[Opening THE RECORDS section]

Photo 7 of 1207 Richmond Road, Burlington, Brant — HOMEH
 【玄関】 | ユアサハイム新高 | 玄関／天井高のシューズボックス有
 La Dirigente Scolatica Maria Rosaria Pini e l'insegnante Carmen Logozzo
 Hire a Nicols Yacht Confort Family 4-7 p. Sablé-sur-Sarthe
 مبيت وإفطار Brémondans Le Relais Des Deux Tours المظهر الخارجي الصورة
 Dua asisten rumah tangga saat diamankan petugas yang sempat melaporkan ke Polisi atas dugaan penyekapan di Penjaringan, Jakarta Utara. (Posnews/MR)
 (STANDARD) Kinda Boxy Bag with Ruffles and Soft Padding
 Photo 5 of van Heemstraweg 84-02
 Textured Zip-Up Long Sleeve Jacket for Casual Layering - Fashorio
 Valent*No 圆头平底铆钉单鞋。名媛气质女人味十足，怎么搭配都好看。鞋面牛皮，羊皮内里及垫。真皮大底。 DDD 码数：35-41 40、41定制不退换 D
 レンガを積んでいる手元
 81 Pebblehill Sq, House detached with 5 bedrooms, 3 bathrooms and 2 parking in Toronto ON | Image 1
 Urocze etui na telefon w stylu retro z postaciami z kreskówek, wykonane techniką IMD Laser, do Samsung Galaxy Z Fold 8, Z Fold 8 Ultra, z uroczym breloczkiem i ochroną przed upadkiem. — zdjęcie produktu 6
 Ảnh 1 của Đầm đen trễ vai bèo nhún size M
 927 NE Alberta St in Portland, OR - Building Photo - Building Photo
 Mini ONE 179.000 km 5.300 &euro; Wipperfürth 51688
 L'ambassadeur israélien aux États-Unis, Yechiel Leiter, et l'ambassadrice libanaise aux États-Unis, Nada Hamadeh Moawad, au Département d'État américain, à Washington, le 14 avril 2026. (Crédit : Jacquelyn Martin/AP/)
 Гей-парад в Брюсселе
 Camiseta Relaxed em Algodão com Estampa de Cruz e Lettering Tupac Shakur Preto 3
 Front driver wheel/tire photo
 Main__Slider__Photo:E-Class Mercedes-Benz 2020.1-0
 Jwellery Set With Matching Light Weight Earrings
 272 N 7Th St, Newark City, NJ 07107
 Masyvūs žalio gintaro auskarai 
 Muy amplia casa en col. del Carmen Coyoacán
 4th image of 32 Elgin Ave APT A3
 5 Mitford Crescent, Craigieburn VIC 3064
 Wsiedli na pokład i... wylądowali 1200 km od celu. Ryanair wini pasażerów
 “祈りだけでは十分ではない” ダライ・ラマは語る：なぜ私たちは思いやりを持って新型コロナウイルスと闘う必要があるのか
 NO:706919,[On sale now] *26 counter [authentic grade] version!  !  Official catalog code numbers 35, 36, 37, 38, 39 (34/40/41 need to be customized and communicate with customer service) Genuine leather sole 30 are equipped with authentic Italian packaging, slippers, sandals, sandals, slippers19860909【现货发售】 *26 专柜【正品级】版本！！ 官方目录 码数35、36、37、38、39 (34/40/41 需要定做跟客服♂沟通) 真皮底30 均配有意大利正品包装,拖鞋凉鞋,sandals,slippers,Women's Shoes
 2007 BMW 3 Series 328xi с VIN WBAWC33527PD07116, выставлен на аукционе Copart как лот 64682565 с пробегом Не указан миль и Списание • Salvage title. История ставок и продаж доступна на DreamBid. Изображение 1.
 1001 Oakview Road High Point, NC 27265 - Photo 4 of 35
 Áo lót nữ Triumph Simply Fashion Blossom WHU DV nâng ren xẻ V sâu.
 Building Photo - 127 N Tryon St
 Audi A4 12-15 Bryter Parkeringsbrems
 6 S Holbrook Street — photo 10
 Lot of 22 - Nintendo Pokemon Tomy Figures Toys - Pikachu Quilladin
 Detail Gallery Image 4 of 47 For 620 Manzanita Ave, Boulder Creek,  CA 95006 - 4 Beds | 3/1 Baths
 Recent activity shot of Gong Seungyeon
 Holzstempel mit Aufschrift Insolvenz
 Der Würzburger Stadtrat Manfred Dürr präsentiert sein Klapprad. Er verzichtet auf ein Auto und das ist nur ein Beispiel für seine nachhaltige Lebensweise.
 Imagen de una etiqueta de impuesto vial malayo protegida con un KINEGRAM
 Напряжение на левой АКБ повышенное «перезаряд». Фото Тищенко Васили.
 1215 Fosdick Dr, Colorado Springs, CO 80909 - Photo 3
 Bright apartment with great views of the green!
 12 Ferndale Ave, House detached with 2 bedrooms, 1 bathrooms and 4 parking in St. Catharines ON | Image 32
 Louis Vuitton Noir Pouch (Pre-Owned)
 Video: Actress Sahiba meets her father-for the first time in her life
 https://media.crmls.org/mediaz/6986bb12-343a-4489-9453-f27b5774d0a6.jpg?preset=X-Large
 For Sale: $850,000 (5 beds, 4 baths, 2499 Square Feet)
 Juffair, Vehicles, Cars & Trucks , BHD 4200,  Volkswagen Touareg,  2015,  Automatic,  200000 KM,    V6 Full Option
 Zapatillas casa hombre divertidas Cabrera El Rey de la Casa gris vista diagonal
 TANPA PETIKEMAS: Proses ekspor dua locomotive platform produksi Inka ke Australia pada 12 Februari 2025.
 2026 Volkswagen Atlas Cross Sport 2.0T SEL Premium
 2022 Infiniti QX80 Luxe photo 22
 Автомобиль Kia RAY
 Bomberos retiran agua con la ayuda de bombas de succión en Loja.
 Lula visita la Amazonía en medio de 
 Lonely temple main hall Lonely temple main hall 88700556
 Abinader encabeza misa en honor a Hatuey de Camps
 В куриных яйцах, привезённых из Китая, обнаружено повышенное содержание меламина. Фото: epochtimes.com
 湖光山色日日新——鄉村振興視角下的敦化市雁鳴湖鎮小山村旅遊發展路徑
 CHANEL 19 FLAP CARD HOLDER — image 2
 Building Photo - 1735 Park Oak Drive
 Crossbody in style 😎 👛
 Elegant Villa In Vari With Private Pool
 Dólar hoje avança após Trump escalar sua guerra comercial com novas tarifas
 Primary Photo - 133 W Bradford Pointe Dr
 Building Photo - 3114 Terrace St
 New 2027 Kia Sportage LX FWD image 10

[Closing THE RECORDS section]

WORK INSTRUCTION
Print every line of the listing shown above, exactly.

RESPONSE BOX
Photo 7 of 1207 Richmond Road, Burlington, Brant — HOMEH
 【玄関】 | ユアサハイム新高 | 玄関／天井高のシューズボックス有
 La Dirigente Scolatica Maria Rosaria Pini e l'insegnante Carmen Logozzo
 Hire a Nicols Yacht Confort Family 4-7 p. Sablé-sur-Sarthe
 مبيت وإفطار Brémondans Le Relais Des Deux Tours المظهر الخارجي الصورة
 Dua asisten rumah tangga saat diamankan petugas yang sempat melaporkan ke Polisi atas dugaan penyekapan di Penjaringan, Jakarta Utara. (Posnews/MR)
 (STANDARD) Kinda Boxy Bag with Ruffles and Soft Padding
 Photo 5 of van Heemstraweg 84-02
 Textured Zip-Up Long Sleeve Jacket for Casual Layering - Fashorio
 Valent*No 圆头平底铆钉单鞋。名媛气质女人味十足，怎么搭配都好看。鞋面牛皮，羊皮内里及垫。真皮大底。 DDD 码数：35-41 40、41定制不退换 D
 レンガを積んでいる手元
 81 Pebblehill Sq, House detached with 5 bedrooms, 3 bathrooms and 2 parking in Toronto ON | Image 1
 Urocze etui na telefon w stylu retro z postaciami z kreskówek, wykonane techniką IMD Laser, do Samsung Galaxy Z Fold 8, Z Fold 8 Ultra, z uroczym breloczkiem i ochroną przed upadkiem. — zdjęcie produktu 6
 Ảnh 1 của Đầm đen trễ vai bèo nhún size M
 927 NE Alberta St in Portland, OR - Building Photo - Building Photo
 Mini ONE 179.000 km 5.300 &euro; Wipperfürth 51688
 L'ambassadeur israélien aux États-Unis, Yechiel Leiter, et l'ambassadrice libanaise aux États-Unis, Nada Hamadeh Moawad, au Département d'État américain, à Washington, le 14 avril 2026. (Crédit : Jacquelyn Martin/AP/)
 Гей-парад в Брюсселе
 Camiseta Relaxed em Algodão com Estampa de Cruz e Lettering Tupac Shakur Preto 3
 Front driver wheel/tire photo
 Main__Slider__Photo:E-Class Mercedes-Benz 2020.1-0
 Jwellery Set With Matching Light Weight Earrings
 272 N 7Th St, Newark City, NJ 07107
 Masyvūs žalio gintaro auskarai 
 Muy amplia casa en col. del Carmen Coyoacán
 4th image of 32 Elgin Ave APT A3
 5 Mitford Crescent, Craigieburn VIC 3064
 Wsiedli na pokład i... wylądowali 1200 km od celu. Ryanair wini pasażerów
 “祈りだけでは十分ではない” ダライ・ラマは語る：なぜ私たちは思いやりを持って新型コロナウイルスと闘う必要があるのか
 NO:706919,[On sale now] *26 counter [authentic grade] version!  !  Official catalog code numbers 35, 36, 37, 38, 39 (34/40/41 need to be customized and communicate with customer service) Genuine leather sole 30 are equipped with authentic Italian packaging, slippers, sandals, sandals, slippers19860909【现货发售】 *26 专柜【正品级】版本！！ 官方目录 码数35、36、37、38、39 (34/40/41 需要定做跟客服♂沟通) 真皮底30 均配有意大利正品包装,拖鞋凉鞋,sandals,slippers,Women's Shoes
 2007 BMW 3 Series 328xi с VIN WBAWC33527PD07116, выставлен на аукционе Copart как лот 64682565 с пробегом Не указан миль и Списание • Salvage title. История ставок и продаж доступна на DreamBid. Изображение 1.
 1001 Oakview Road High Point, NC 27265 - Photo 4 of 35
 Áo lót nữ Triumph Simply Fashion Blossom WHU DV nâng ren xẻ V sâu.
 Building Photo - 127 N Tryon St
 Audi A4 12-15 Bryter Parkeringsbrems
 6 S Holbrook Street — photo 10
 Lot of 22 - Nintendo Pokemon Tomy Figures Toys - Pikachu Quilladin
 Detail Gallery Image 4 of 47 For 620 Manzanita Ave, Boulder Creek,  CA 95006 - 4 Beds | 3/1 Baths
 Recent activity shot of Gong Seungyeon
 Holzstempel mit Aufschrift Insolvenz
 Der Würzburger Stadtrat Manfred Dürr präsentiert sein Klapprad. Er verzichtet auf ein Auto und das ist nur ein Beispiel für seine nachhaltige Lebensweise.
 Imagen de una etiqueta de impuesto vial malayo protegida con un KINEGRAM
 Напряжение на левой АКБ повышенное «перезаряд». Фото Тищенко Васили.
 1215 Fosdick Dr, Colorado Springs, CO 80909 - Photo 3
 Bright apartment with great views of the green!
 12 Ferndale Ave, House detached with 2 bedrooms, 1 bathrooms and 4 parking in St. Catharines ON | Image 32
 Louis Vuitton Noir Pouch (Pre-Owned)
 Video: Actress Sahiba meets her father-for the first time in her life
 https://media.crmls.org/mediaz/6986bb12-343a-4489-9453-f27b5774d0a6.jpg?preset=X-Large
 For Sale: $850,000 (5 beds, 4 baths, 2499 Square Feet)
 Juffair, Vehicles, Cars & Trucks , BHD 4200,  Volkswagen Touareg,  2015,  Automatic,  200000 KM,    V6 Full Option
 Zapatillas casa hombre divertidas Cabrera El Rey de la Casa gris vista diagonal
 TANPA PETIKEMAS: Proses ekspor dua locomotive platform produksi Inka ke Australia pada 12 Februari 2025.
 2026 Volkswagen Atlas Cross Sport 2.0T SEL Premium
 2022 Infiniti QX80 Luxe photo 22
 Автомобиль Kia RAY
 Bomberos retiran agua con la ayuda de bombas de succión en Loja.
 Lula visita la Amazonía en medio de 
 Lonely temple main hall Lonely temple main hall 88700556
 Abinader encabeza misa en honor a Hatuey de Camps
 В куриных яйцах, привезённых из Китая, обнаружено повышенное содержание меламина. Фото: epochtimes.com
 湖光山色日日新——鄉村振興視角下的敦化市雁鳴湖鎮小山村旅遊發展路徑
 CHANEL 19 FLAP CARD HOLDER — image 2
 Building Photo - 1735 Park Oak Drive
 Crossbody in style 😎 👛
 Elegant Villa In Vari With Private Pool
 Dólar hoje avança após Trump escalar sua guerra comercial com novas tarifas
 Primary Photo - 133 W Bradford Pointe Dr
 Building Photo - 3114 Terrace St
 New 2027 Kia Sportage LX FWD image 10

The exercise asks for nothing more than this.